US aid group admits unauthorized individuals took control of Gaza convoy in deadly incident yesterday
Emanuel (Mannie) Fabian is The Times of Israel's military correspondent
A US-based aid group admits that a group of individuals, that the Israeli military claims were armed, took control of an aid convoy in the southern Gaza Strip yesterday, without the aid group vetting them or coordinating with the IDF.
Yesterday, the IDF said a convoy of aid trucks from the American Near East Refugee Aid (Anera) organization entered the southern Rafah area with Israeli coordination. During the drive, the military said a group of gunmen took over the vehicle at the front of the convoy, in what the IDF described as a hijacking attempt.

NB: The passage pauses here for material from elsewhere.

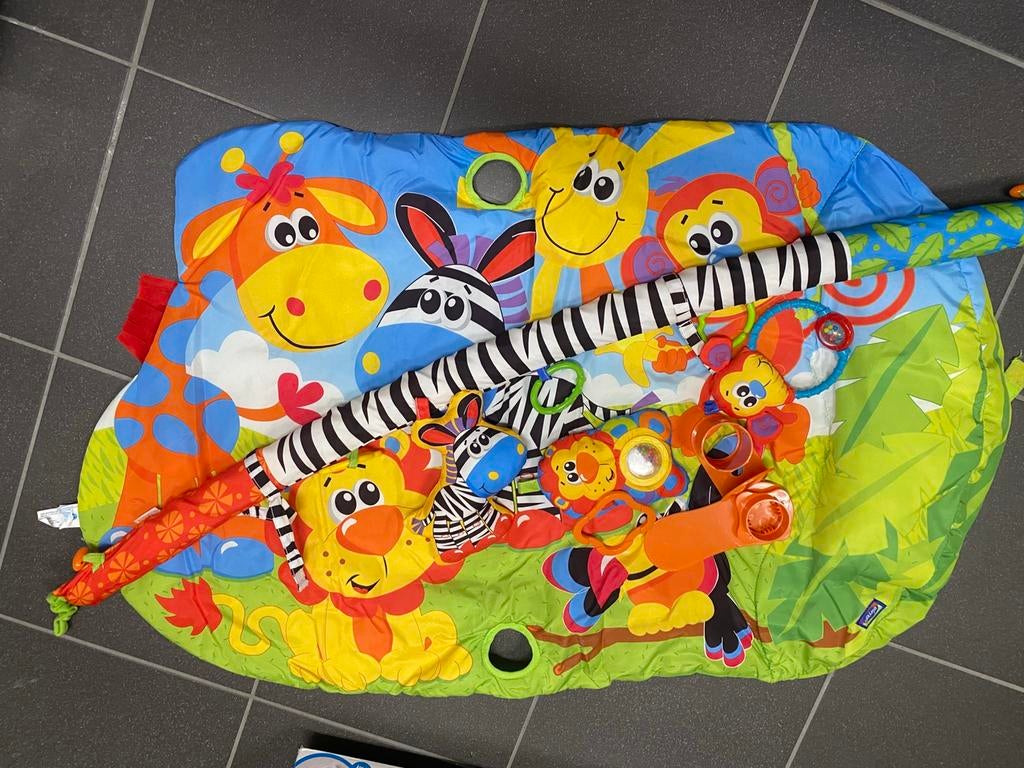 Playgro speelmat voor baby’s thema jungle, Enlèvement, Comme neuf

The IDF said it was able to determine that it could strike the car with the gunmen without harming the rest of the convoy. It then carried out the strike, killing at least four.
Anera in a statement says that after the convoy departed the Kerem Shalom crossing, “four community members with experience in previous missions and engagement in community security” with their transport company, Move One, “stepped forward and took command of the leading vehicle, citing concern that the route was unsafe and at risk of being looted.”
“The four community members were neither vetted nor coordinated in advance,” Anera admits.
The organization claims that “the four individuals were not perceived by the convoy as a hostile threat” and that the Israeli strike “was carried out without any prior warning or communication.”
No Anera employees were hurt in the incident, and the convoy made it to its destination.
The IDF said yesterday that “the presence of armed men in a humanitarian convoy without coordination is against the procedures and makes it difficult to secure the convoys and their workers and thus also harms the humanitarian effort in Gaza.”